SUPPLIED RECORDS section start

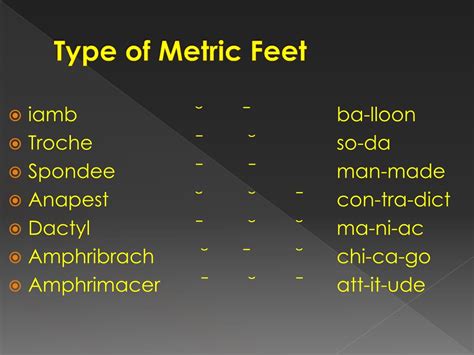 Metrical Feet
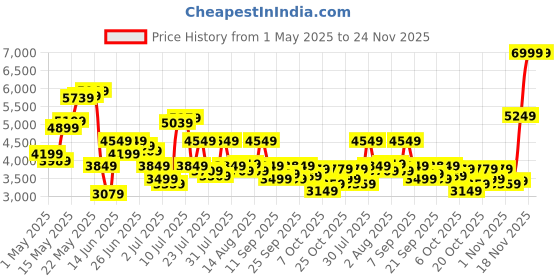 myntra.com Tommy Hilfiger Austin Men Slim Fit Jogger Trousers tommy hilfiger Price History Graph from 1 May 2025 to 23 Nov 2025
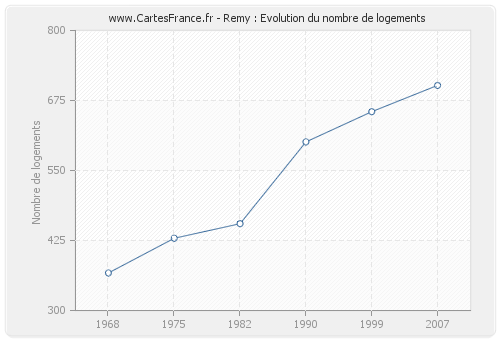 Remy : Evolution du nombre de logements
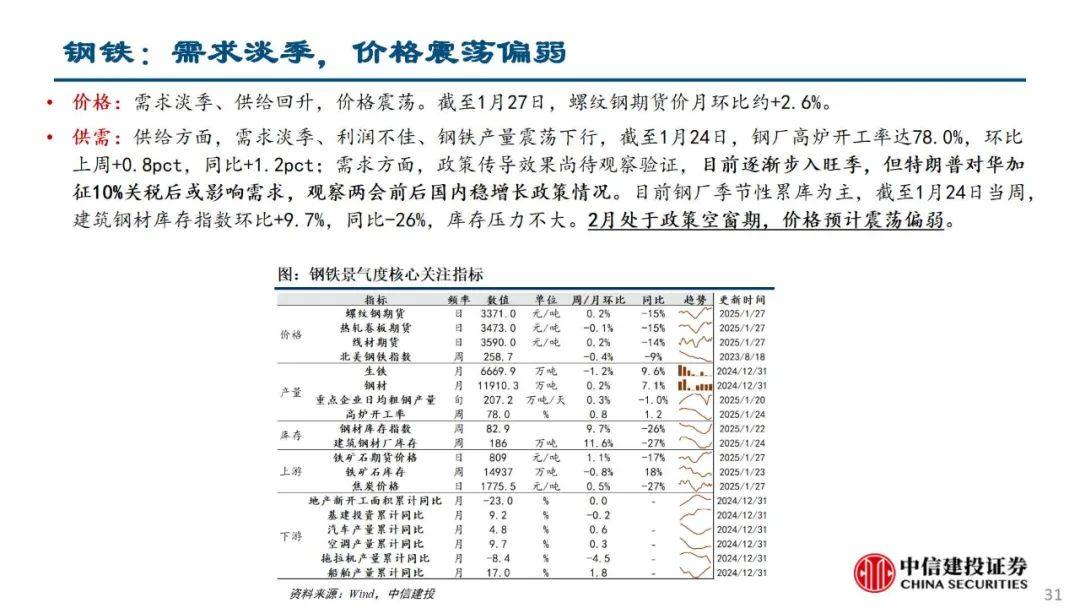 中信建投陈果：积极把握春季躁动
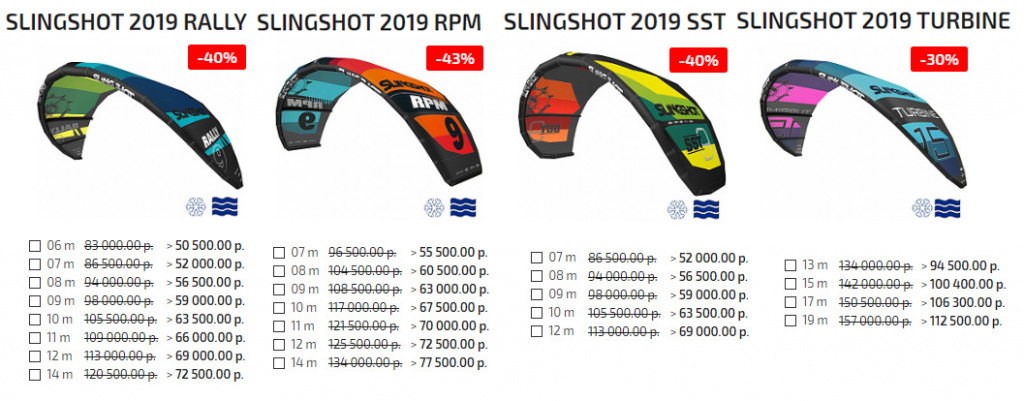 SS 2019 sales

SUPPLIED RECORDS section end

Quote exactly, and only, the lines from the line containing "myntra.com Tommy Hilfiger" through the final line of the records above, both included, omitting any pictures.

 myntra.com Tommy Hilfiger Austin Men Slim Fit Jogger Trousers tommy hilfiger Price History Graph from 1 May 2025 to 23 Nov 2025
 Remy : Evolution du nombre de logements
 中信建投陈果：积极把握春季躁动
 SS 2019 sales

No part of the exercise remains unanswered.